[EXERCISE DATA — start]
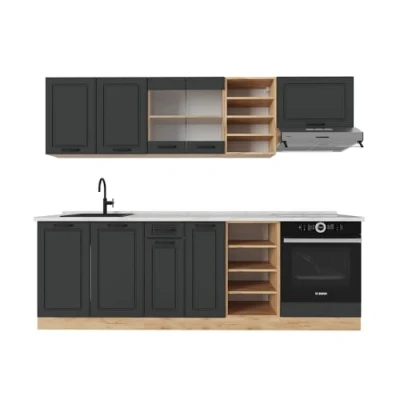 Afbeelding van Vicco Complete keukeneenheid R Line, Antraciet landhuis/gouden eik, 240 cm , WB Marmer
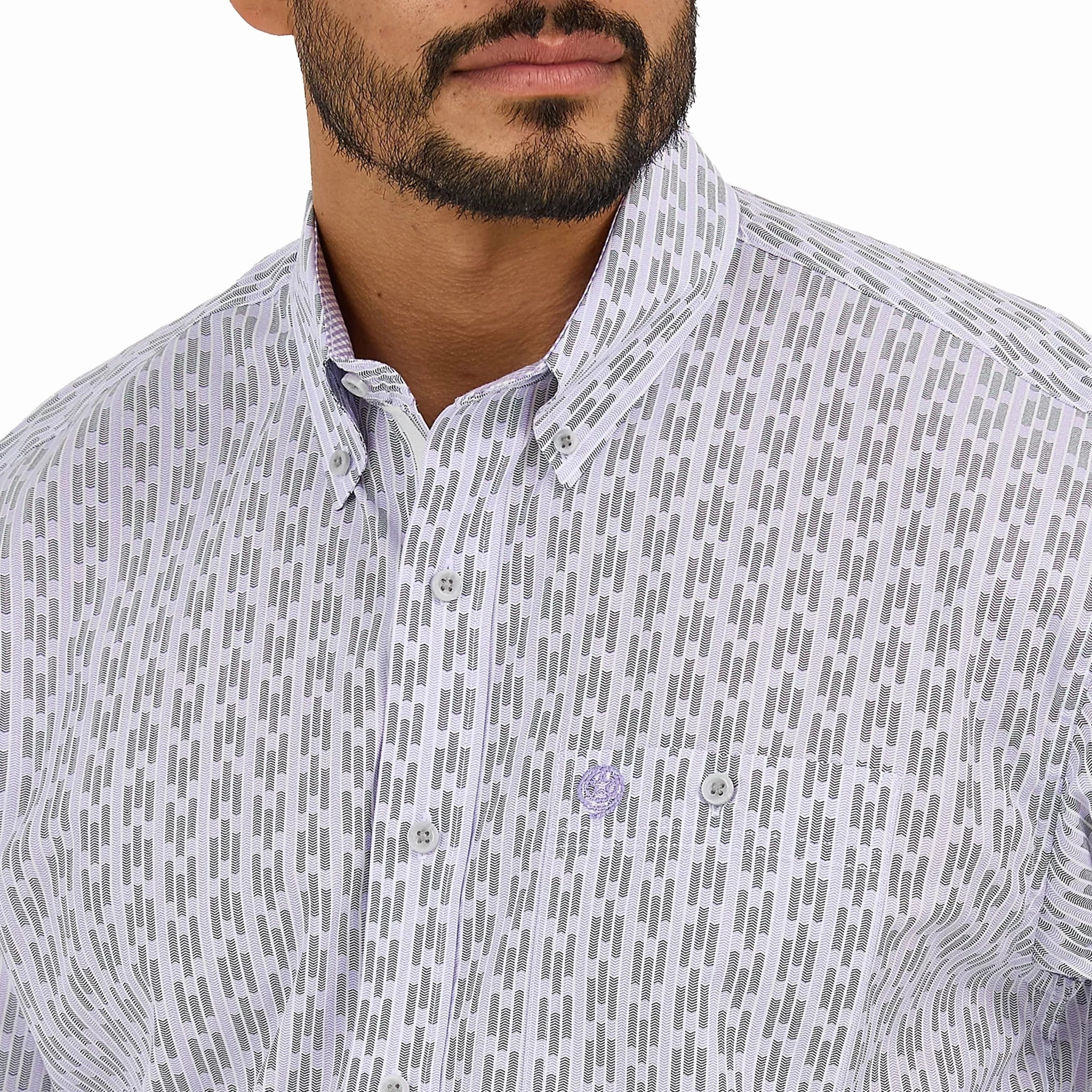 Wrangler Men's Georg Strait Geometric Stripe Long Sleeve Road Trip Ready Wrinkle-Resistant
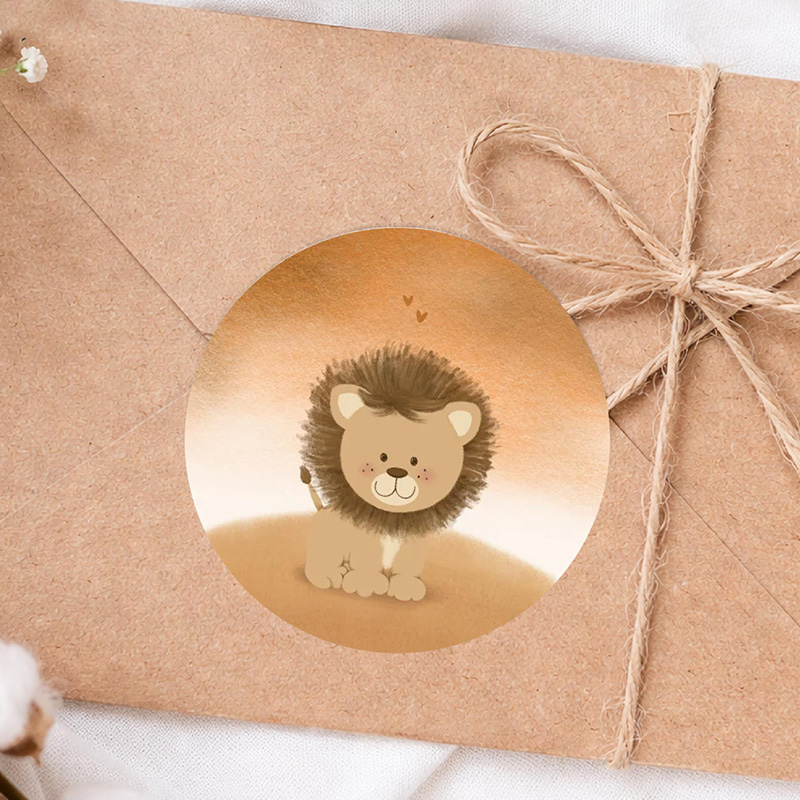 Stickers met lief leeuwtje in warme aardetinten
[EXERCISE DATA — finish]
- **EXERCISE DESCRIPTION**
The data above should be repeated exactly, minus any pictures.

- **ANSWER AREA**
 Afbeelding van Vicco Complete keukeneenheid R Line, Antraciet landhuis/gouden eik, 240 cm , WB Marmer
 Wrangler Men's Georg Strait Geometric Stripe Long Sleeve Road Trip Ready Wrinkle-Resistant
 Stickers met lief leeuwtje in warme aardetinten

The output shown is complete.